### Data shown
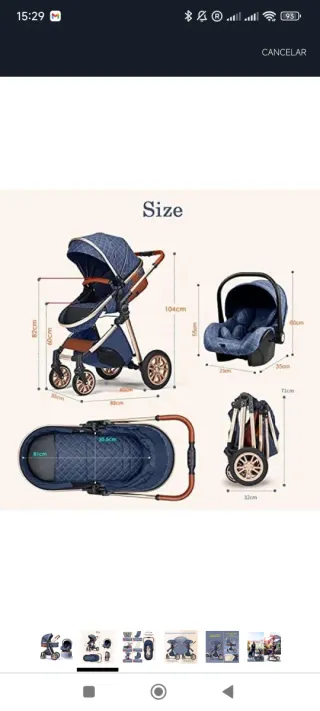 Carro de bebé con silla de coche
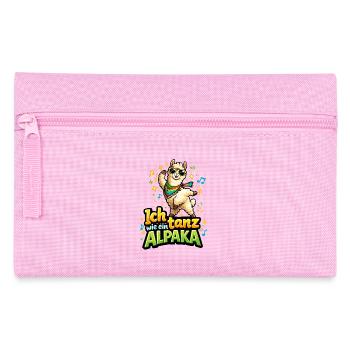 Ich tanz wie ein Alpaka lustiger Tanz Spruch - Federtasche - Rosa - Vorne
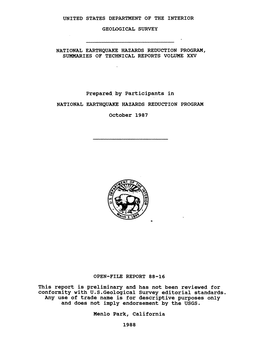 Prepared by Participants in October 1987 This Report Is Preliminary And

### Task prompt
Since the pictures are not part of the copy, transcribe only the remaining material, exactly.

### Task output
 Carro de bebé con silla de coche
 Ich tanz wie ein Alpaka lustiger Tanz Spruch - Federtasche - Rosa - Vorne
 Prepared by Participants in October 1987 This Report Is Preliminary And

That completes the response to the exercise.